This pick of the best Stoke-on-Trent has to offer could leave you feeling giddy – with red-brick, bottle ovens kissing the grey skylines and local ceramics master Emma Bridgewater’s bright polka dots breaking out in a feverish rash in your kitchen.
A once industrious – but now sadly overlooked – part of the Midlands, the city offers visitors and locals a surprisingly kooky combination of colour and culture.
Says Stoke North MP Ruth Smeeth: ‘Here we have a rich cultural heritage, a fantastic local workforce and we’re located right in the heart of the country.
Bottle ovens
Be sure to look out the window when your train pulls into Stoke-on-Trent station – you’ll see an unmistakable bottle oven, once used to fire pottery, now one of 47 listed kilns that make up the landscape.
Ceramics
Stoke-on-Trent is otherwise known as The Potteries and is officially the World Capital For Ceramics.
Emma Bridgewater
Some of the most notable ceramics are by designer Emma Bridgewater, and she is famed across the globe for her colourful polka dot creations.
Community arts
It’s not just pottery Stoke-on-Trent can turn its hand to – as part of a series of regeneration schemes there are many arts projects that exhibit locally and encourage the community to come together and get involved.
Football
There are two major footy teams in Stoke – Port Vale and Stoke City FC.
The universities
We do things in pairs here as there are also two higher education institutions – Keele University and Staffordshire University.
Keele students are said to be slightly more genteel.
Cheap property
You can pick up a two-bedroom terrace house for as little as £50,000.
Leafy suburbs
As well as the rows and rows of small, terrace houses, built way back when for potters, there are more affluent, tree-lined streets, notably around The Trentham Estate.
The Chiron Institute
A quirky entry, but something you can’t do in other, smaller cities in the Midlands.

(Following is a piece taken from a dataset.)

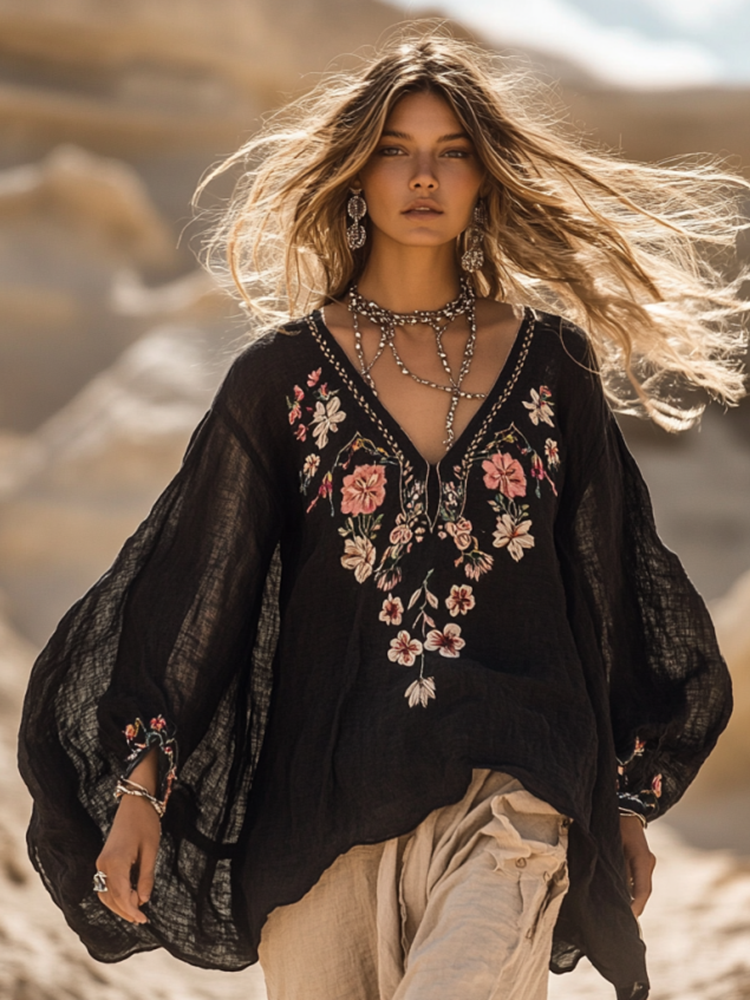 Boho Floral Embroidery Print Cotton And Linen Blend Loose Blouse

Pull up your yoga mat and blanket at The Chiron Institute, close your eyes and journey through a soundscape of gongs and the like.
It’s a new-age thing, and it’s right in the centre of Stoke town.
Friendly ‘ducks’
We’re a friendly bunch around here and call each other ‘duck’.
Stoke-on-Trent Literary Festival
This annual event takes place every June to celebrate books and authors – and it styles itself as the UK’s only ‘festival in a factory’.
Arnold Bennett
A two-metre-high bronze statue of novelist, playwright and essayist Arnold Bennett was revealed in Hanley this year to celebrate the writer’s 150th birthday.
Lemmy’s Blue Plaque
Burslem-born Lemmy, former Motörhead frontman, has just had his own Blue Plaque unveiled at the nearby Port Vale ground.
Biddulph Grange Gardens
It’s worth visiting this attraction, which is part of a stately home north of Stoke, just for the cheeky, all-gold cow that greets you at the entrance to the Japanese quarter of the gardens.